-- Opening Marker --
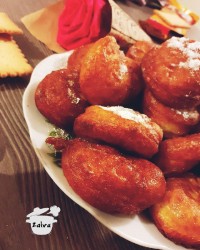 شیرینی پونچیک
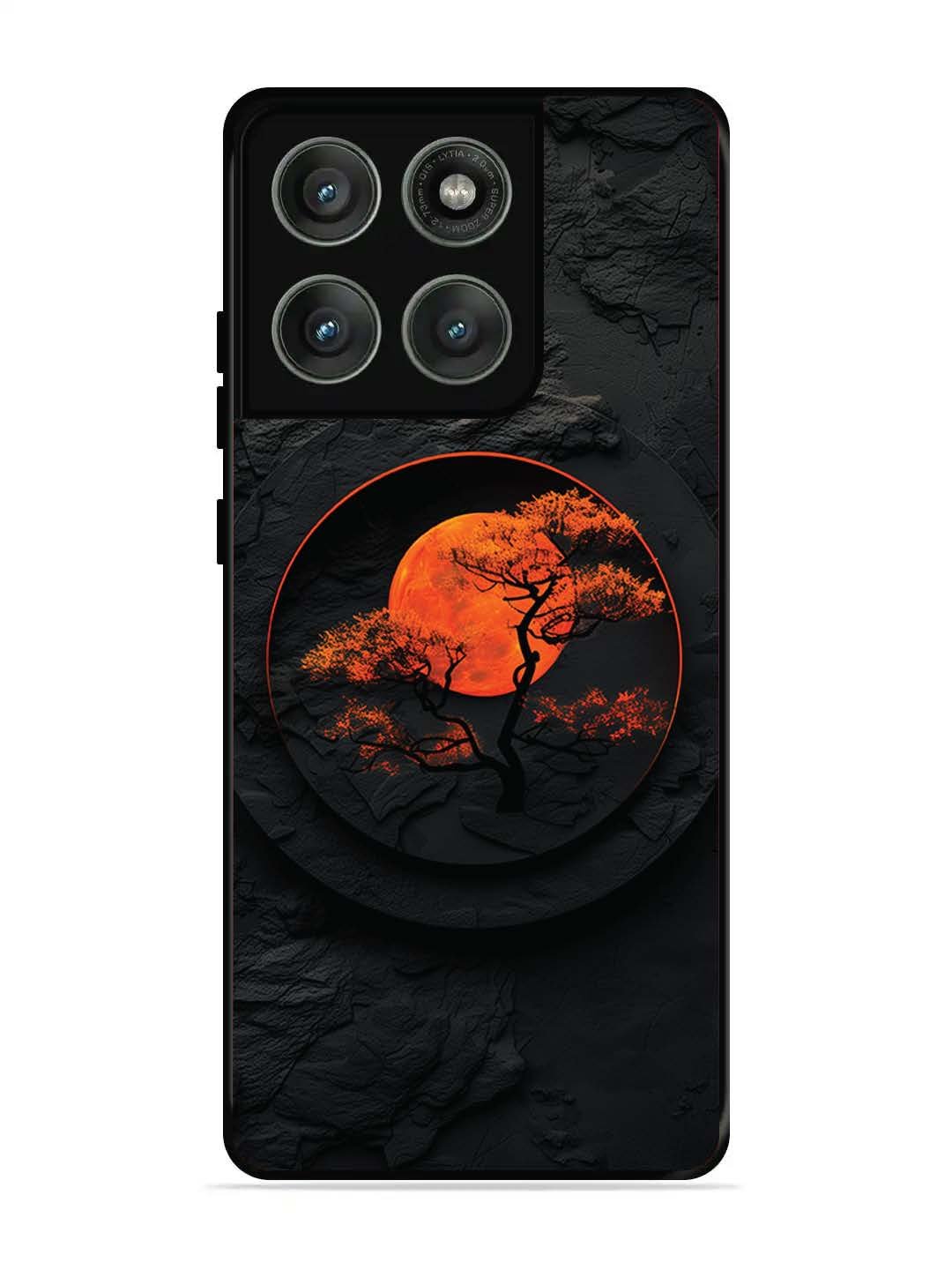 Motorola Edge 60 Pro 5G Dark knight Red Moon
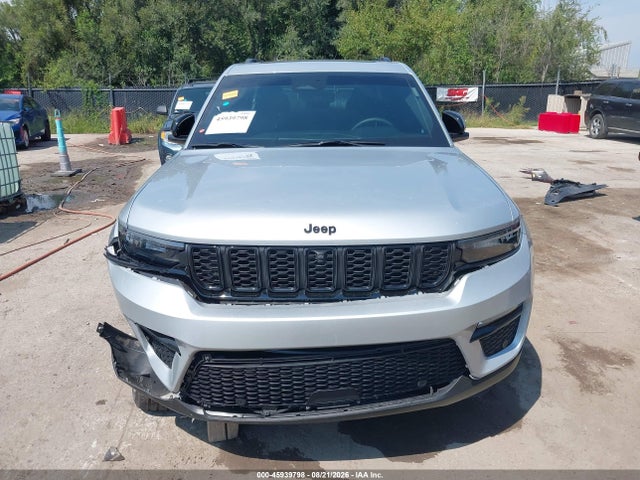 Aukcja sprzedaży 2024 Jeep Grand Cherokee Limited 4x4, vin: 1C4RJHBG2R8586955, numer aukcji: 45939798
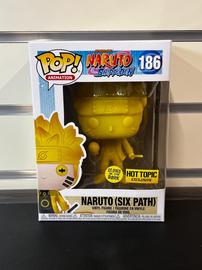 Hot topic 2025 naruto six path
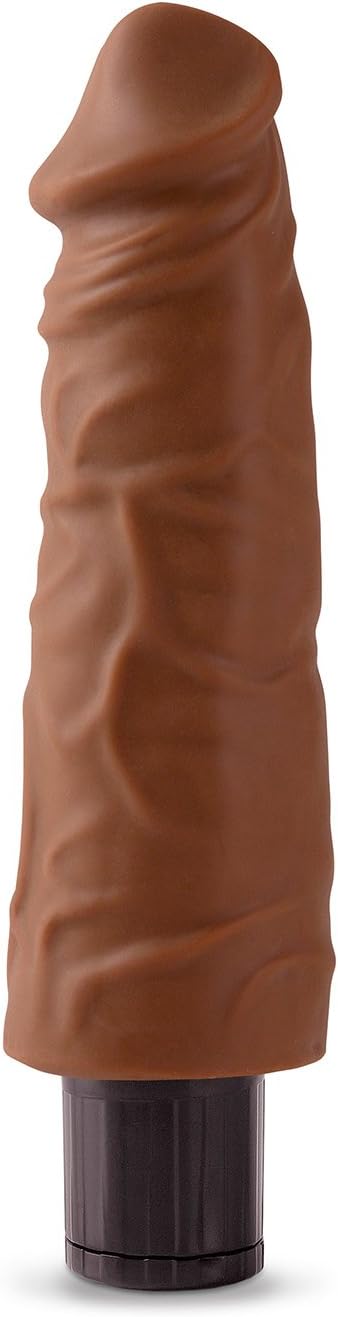 Vibrador Realista Xtreme Real Feel Brown 9 - imagen 1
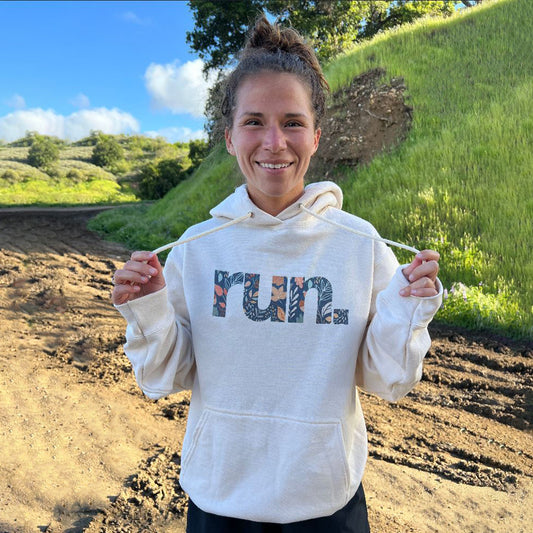 Autumn Run Hoodie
-- Closing Marker --
Exercise aim:
Transcribe all of the records above exactly; no image should appear in what you write.

Written solution:
 شیرینی پونچیک
 Motorola Edge 60 Pro 5G Dark knight Red Moon
 Aukcja sprzedaży 2024 Jeep Grand Cherokee Limited 4x4, vin: 1C4RJHBG2R8586955, numer aukcji: 45939798
 Hot topic 2025 naruto six path
 Vibrador Realista Xtreme Real Feel Brown 9 - imagen 1
 Autumn Run Hoodie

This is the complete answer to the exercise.